Three main parties are competing to nominate the next prime minister when Dutch voters head to the polls on November 22 to select a new government in a legislative election.
The People’s Party for Freedom and Democracy (VVD) led by former prime minister Mark Rutte, the recently established “New Social Contract” (NSC) Party, and the Labour and Green Left (PvdA/GL) parties operating on a single ticket are leading in opinion polls.
Turkish-born Yesilgoz, 46, narrowly ahead in recent polls, has a shot at becoming the Netherlands’ first woman prime minister.
In the election campaign, she has distanced herself from Rutte, who led the party for more than a decade.
She is campaigning to limit migration and says her own experience of fleeing to the Netherlands as an eight-year-old with her Turkish Kurdish human rights activist parents informs her views.
Yesilgoz told Reuters that when she arrived in the 1980s it was possible to get housing in a predominantly Dutch neighbourhood, learn the language and contribute to society. Now, there are too many asylum seekers, not enough housing and little integration, which is unfair to both Dutch society and refugees, she said.
Yesilgoz, who now serves as Justice Minister, is often characterized as more media savvy than a policy expert. She is a self-confessed workaholic and told journalists she only does three things besides work: sleep, exercise and try to eat healthy.
One of the Netherlands’ longest serving parliamentarians Pieter Omtzigt, 49, long seen as a policy wonk reinvented himself as the political conscience of the country.
After breaking with the Christian Democrats in 2021 he founded his own NSC party and is neck and neck with the VVD in the latest polls.
As a parliamentarian, he earned a reputation as a “political pit bull” with his tenacity and in-depth knowledge of complex political questions, coupled with a willingness to challenge ministers of his own party.
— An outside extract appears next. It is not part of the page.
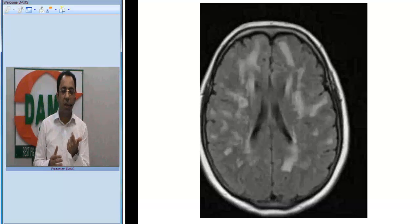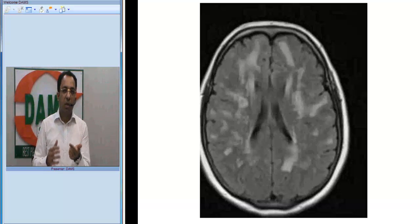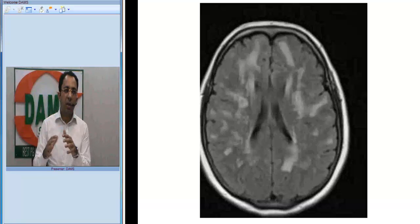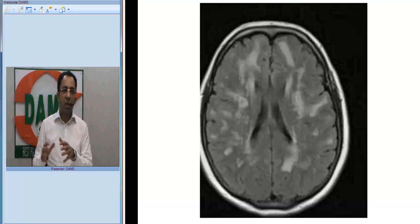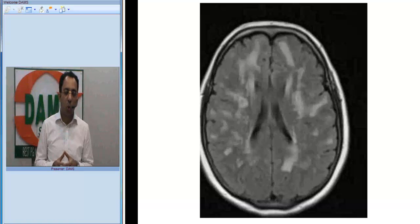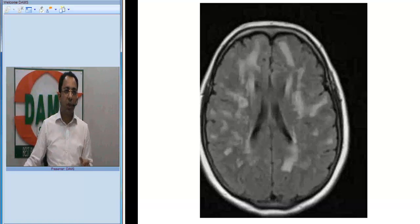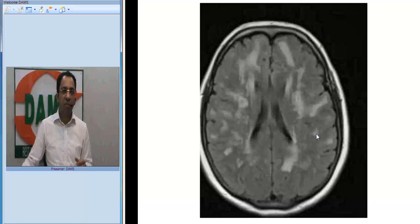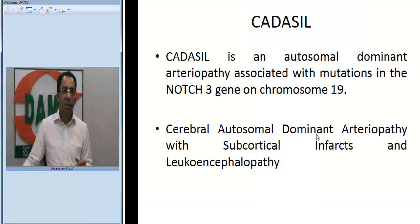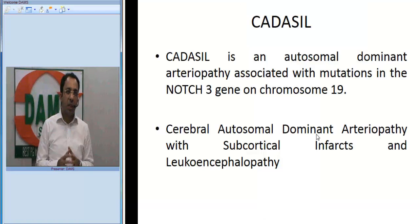With the clinical scenario of headache, recurrent TIAs, strong family history of stroke, and a relatively young age between 30 to 50, combined with these MRI findings of anterior temporal lobe and external capsule involvement, we arrive at a diagnosis of CADASIL.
Omtzigt gained prominence in 2019 when he played a key role in pursuing a scandal in which thousands of families had been wrongfully accused of child care benefit fraud on the basis of their ethnicity. One of Rutte’s cabinets collapsed as a result.
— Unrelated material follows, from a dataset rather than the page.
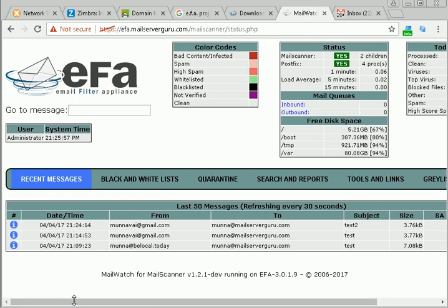So we have successfully installed and configured the email filter appliance and we have tested it successfully. So thank you.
During the campaign Omtzigt positioned himself as a centrist: conservative on immigration and climate change but leftist on reducing poverty and improving healthcare. His party’s top goal, though, is reforming lawmaking and policy.
At a time of low public trust his supporters see him as a politician of rare integrity.
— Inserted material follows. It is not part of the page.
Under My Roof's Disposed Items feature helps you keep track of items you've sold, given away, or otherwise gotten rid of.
He has endeared himself to the public with his distinct regional accent and the fact that he commutes over two hours each way by train to his home in Enschede, close to the German border, instead of moving closer to parliament in The Hague.
Known for overseeing the E.U.’s Green Deal as European Commission Vice President, Timmermans, 62, returned to Dutch politics in August with the ambition of becoming prime minister.
Labour/Green Left is currently third in the polls. The native of the southern Dutch province of Limburg has spent nearly a decade in Brussels as vice president of the European Commission.
With his experience, Timmermans has positioned himself as the elder statesman and a viable left-wing alternative to the current government.
He has made climate change, one of the key concerns of voters on the Dutch left, the central point of his campaign, along with attempts to win back support of blue-collar workers for Labour.
A son of a diplomat, Timmermans speaks English, German, French, Italian and Russian in addition to Dutch. He started his political career in the Dutch Labour party in the 1990s and served as foreign minister between 2012 and 2014.